いまや当たり前になりつつある、編み物に関わる男性にスポットを当てた過去毛糸だまの人気特集をピックアップ!
「2021年毛糸だま冬号」より
今回の編み物男子は、車中で編むことも多いという久保直樹さん。特技は駐車。2台の車を駐めるスペースに、縦横を駆使してスペースちょうどに4台を駐めるという驚異的なアルバイトをしていたこともあるそうです。
「20歳頃にやっていたレンタカー屋さんのアルバイトなんですけど、ドアミラーとドアミラーの間を空けずにギリギリまで詰めるんです。当時はバックモニターもなかったので、ワイパーのところに差し掛かる影で、後ろの車との距離を測りながら駐めるんですよ」
限られたスペースにぴったり詰めるのが、楽しい。それは編み目がきれいに揃うと気持ちがいいのと似ているといいます。久保さんのニット、編み目がとてもきれいです。
「編み物を始めたのは小学1年生。手芸好きの母の影響で、エコたわしを編んで。その後は母が持っていたモチーフの本の巻末にある編み図を見ながら編んだりしていました」
小1で編み図を見ながら編めるとは……。
「いえいえ、簡単な編み図なんです。ただ、子どもの頃から、『こう編んだら、こうなる』という仕組みを発見するのが好きなのかなと。家にパソコンがあったので、3〜4歳からエクセルとワードを黙々といじって、本の文章を全部入力して、どうしたら同じレイアウトになるかなって試しながら遊んでいました」
中学・高校は理系。その後はプログラミングの専門学校でアプリ開発などを学びます。その影響もあって、スマホも大好き。これまでの所有台数はのべ50台というからスゴイ。着信音だけで、どの機種かわかるそうです。
「この話をすると、だいたい引かれます(笑)。編み物の『仕組み』と同じで、プログラミングも正解に辿り着くまでの経路がいくつも考えられるんです。効率を重視するのか、美しさを大事にするのか。そこが面白くて」
最近は、表と裏の編み地を一度に編むダブル・ニッティングに挑戦しているそうです。
「表から裏へ、どう糸を渡したら、表と裏で別々の図柄が完成するのか。それを考えながら編むのがいいんです。ダブル・ニッティングでかのこ編みをした時は、さすがに頭がこんがらがりました(笑)。今は3色のダブル・ニッティングをやっているんですけど、地糸を決めず、表と裏で変わっていくんですよ」
そうやって様々な編み方を実験しながら、「仕組み」を探っていくので、編みかけの作品が山のようにできてしまうそう。
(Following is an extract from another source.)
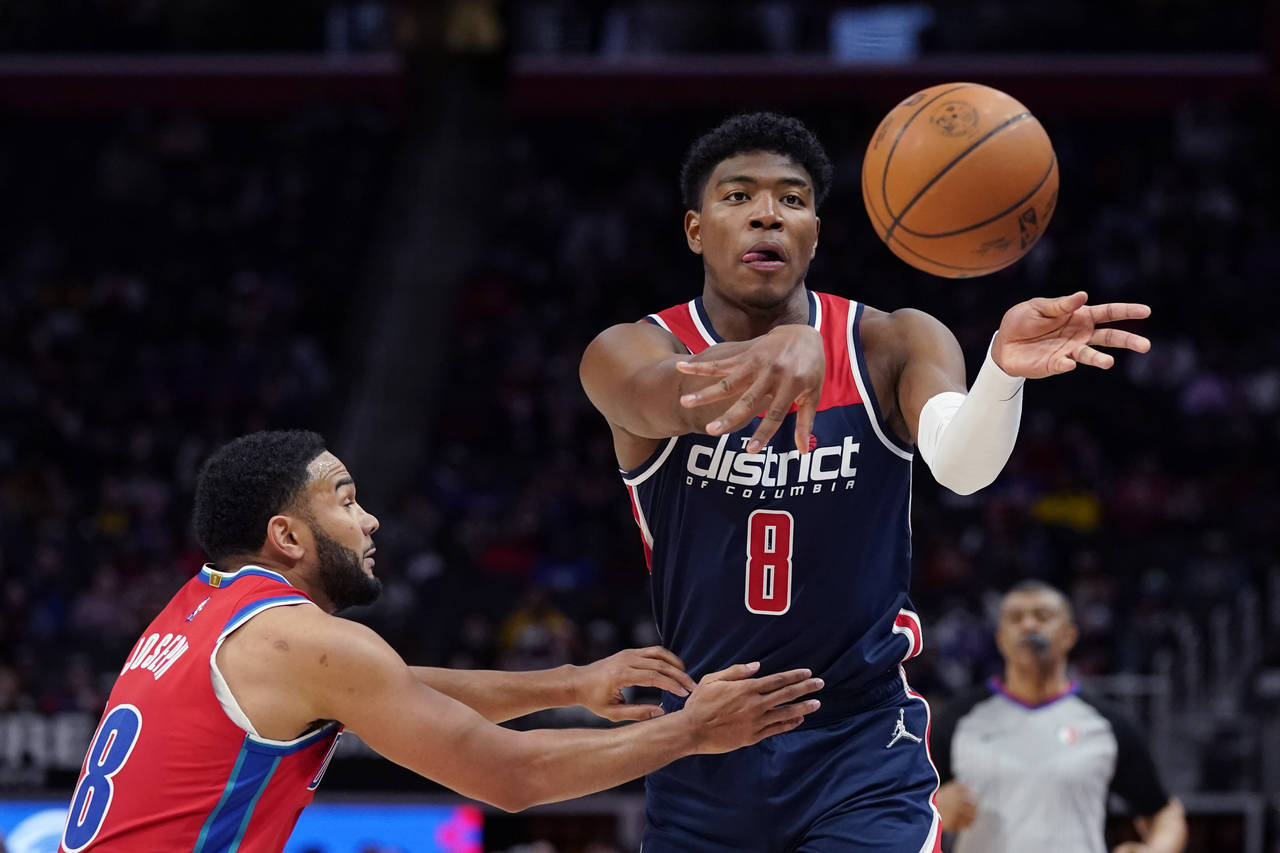 Washington Wizards forward Rui Hachimura (8) passes as Detroit Pistons guard Cory Joseph defends du...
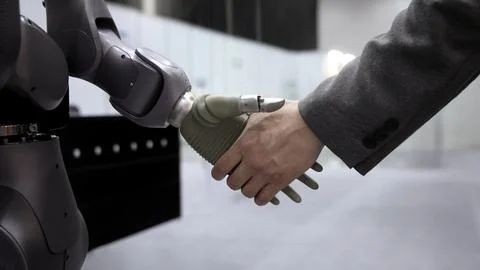 AI Robot shaking hands with man. Close up shaking hand with robotic arm Stock Photos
「成功する作品の方が珍しいです(笑)。最近は紡ぎ車にもハマっていて。もともとスピンドルを使って紡ぎをやっていたのですが、友人の家でやらせてもらったら、あまりにも楽しくて。ペダルで車を回転させながら、撚りをかけるスピードと、手から羊毛を送り出すスピードを別々にコントロールするところが、車を運転する面白さと似ているんです」
紡ぎ車はお母様と共同で購入したそう。
「母とは今は別々に暮らしていますが、ストールとか靴下とか同じものを決めて、どちらが早く編めるか競争しています。ちょうど昨年、ニット男子部の展示があって、母の作品も一緒に出品しませんか?とお誘いいただいて。初めてのことだし、ちょっと照れくさい気持ちもあったのですが、『親子で編まれていいわね』とたくさんの方が言ってくださって、私にとっては普通ですけれど、これって貴重なことなんだなと再確認できました」
天才肌の久保さんですが、お母様も手芸のオールラウンダー。親子で競いながら、どんなハイブリッド・ニットが生まれていくのか。今後も心待ちにしたいと思います。
プロフィール
久保直樹:くぼなおき
佐賀県出身、埼玉県在住。幼少より手芸に親しむ。編み物のほか車、ガジェットをこよなく愛す理系人。プログラミングからピアノ演奏までこなす多才。空間把握能力、触覚に優れ、精密な動きは編み地や車の運転技術などにも活かされている。現在は母親と競うように編み、紡いでいる。難しいものほど燃えるタイプ。編みかけ多数。